Question

lim/deltax approaches 0 = 1/(cos(x + deltax)) - 1/(cosx)

Answer 1

SOLVED but connection failed.

Answer 2

\[\lim_{\delta x \rightarrow 0}\left( \frac{ 1 }{\cos \left( x+\delta x \right) }-\frac{ 1 }{\cos x } \right)\]

Answer 3

That is the problem exactly.

Answer 4

Well...not exactly.

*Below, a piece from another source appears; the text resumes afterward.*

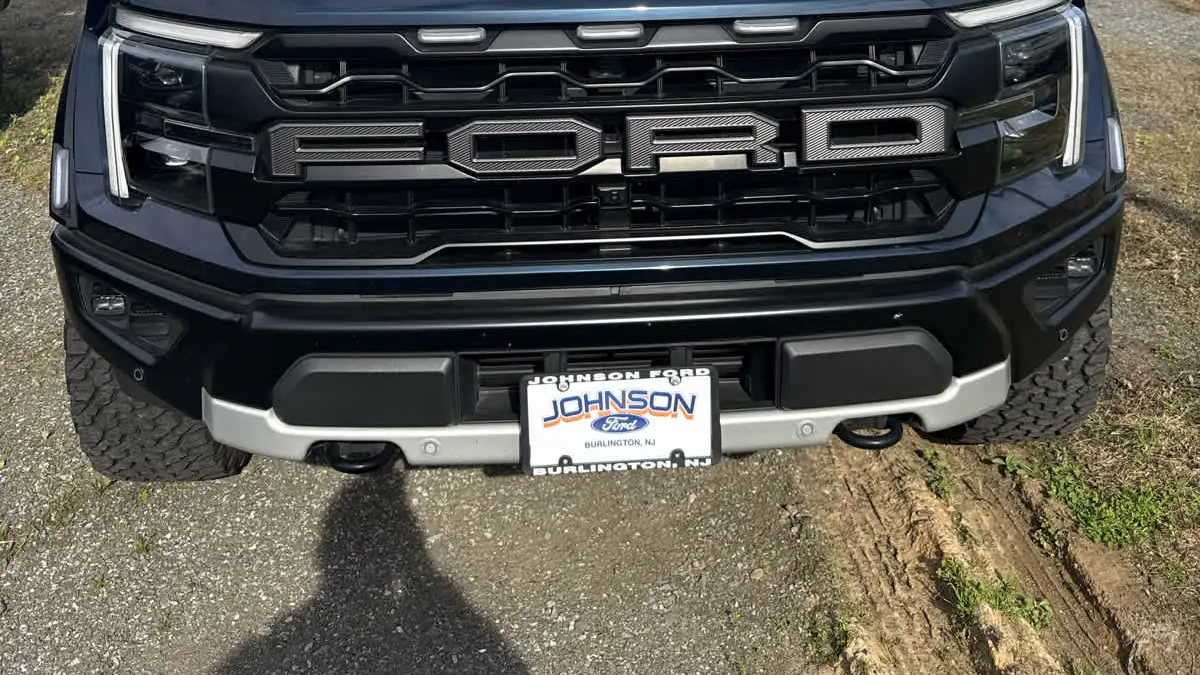 2025 Ford F-150 Raptor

The stuff in the parentheses is all over delta x

Answer 5

\[=\lim_{\delta x \rightarrow 0}\frac{ \cos x-\cos \left( x+\delta x \right) }{\cos \left( x+\delta x \right) \cos x }\]

Answer 6

\[\cos C-\cos D=2\sin \frac{ C+D }{ 2 }\sin \frac{ D-C }{2 }\]
Now you can solve if any problem,show me your work i will guide you.

Answer 7

HOw does this change if the whole thing is over delta x?

Answer 8

do not solve denominator.
If you have to divide by delta x.
Make it frac{ sin frac{ delta x }{2 } }{frac{ delta x }{2 }*2 } and take limits.

Answer 9

I'm calling \(\Delta x=h\) to save some time:
\[\lim_{h\to0}\frac{\dfrac{1}{\cos{(x+h)}}-\dfrac{1}{\cos x}}{h}\]
\[\lim_{h\to0}\frac{\dfrac{\cos x}{\cos x\cos{(x+h)}}-\dfrac{\cos(x+h)}{\cos x\cos(x+h)}}{h}\]
\[\lim_{h\to0}\frac{1}{h}\left(\frac{\cos x-\cos(x+h)}{\cos x\cos(x+h)}\right)\]
From the angle sum identity for cosine, you have
\[\cos(x+y)=\cos x\cos y-\sin x\sin y\]
\[\lim_{h\to0}\frac{1}{h}\left(\frac{\cos x-\cos x\cos h+\sin x\sin h}{\cos x(\cos x\cos h-\sin x\sin h)}\right)\]
\[\lim_{h\to0}\frac{1}{h}\left(\frac{\cos x-\cos x\cos h}{\cos x(\cos x\cos h-\sin x\sin h)}\right)+\lim_{h\to0}\frac{1}{h}\left(\frac{\sin x\sin h}{\cos x(\cos x\cos h-\sin x\sin h)}\right)\]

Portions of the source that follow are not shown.